WORK REQUIRED
Leave out the pictures and set down the rest of the listing below word for word.

COLLECTED MATERIAL

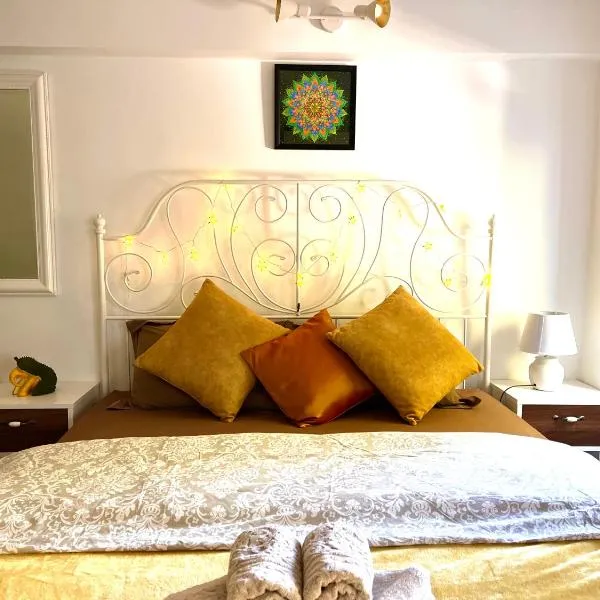 HealthyStudio512 Apartments, hotel in Kotor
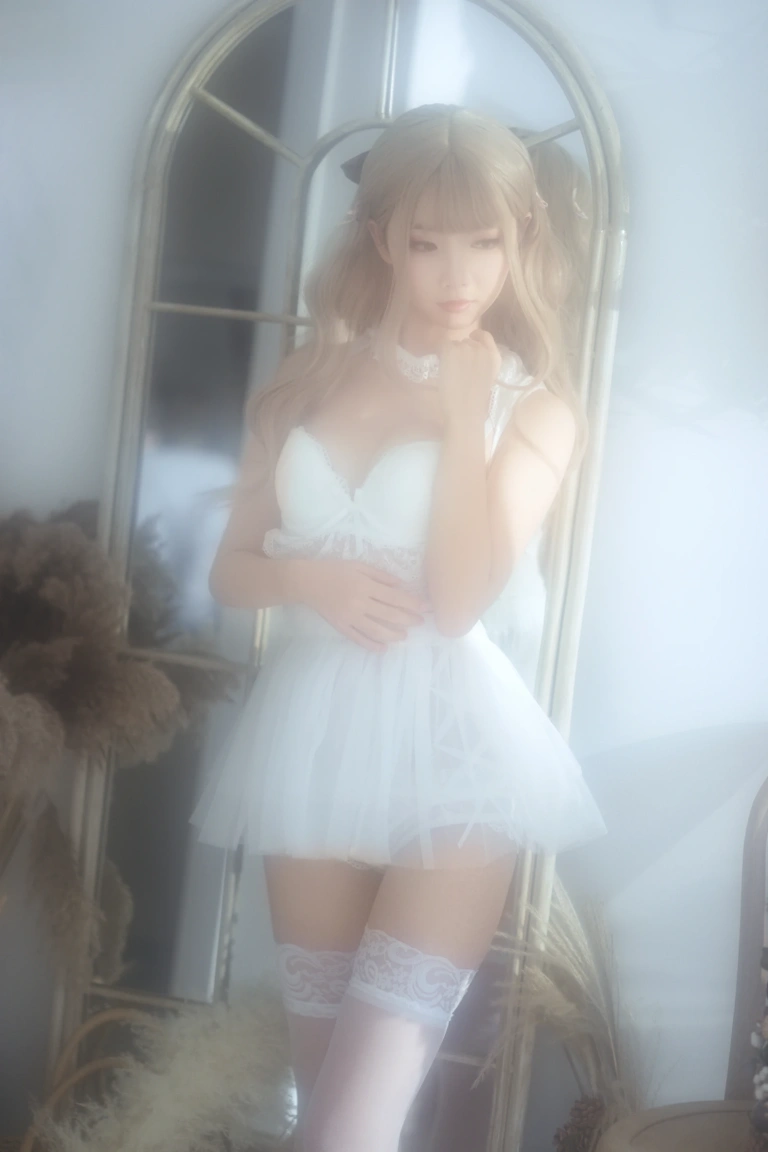 面饼仙儿《复古内衣套》主题写真：25张全套美图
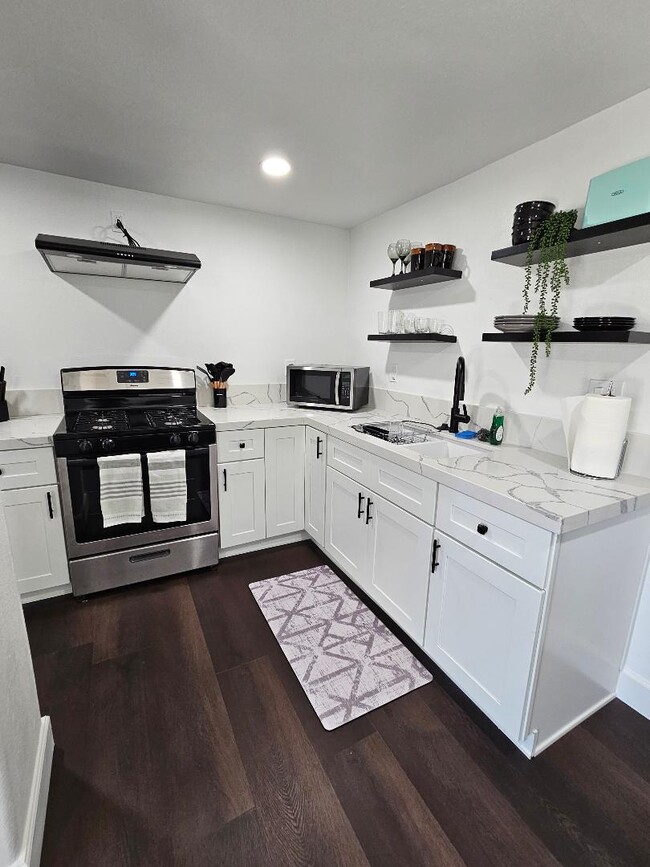 Building Photo - 3911 Woolwine Dr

SOLUTION BELOW
 HealthyStudio512 Apartments, hotel in Kotor
 面饼仙儿《复古内衣套》主题写真：25张全套美图
 Building Photo - 3911 Woolwine Dr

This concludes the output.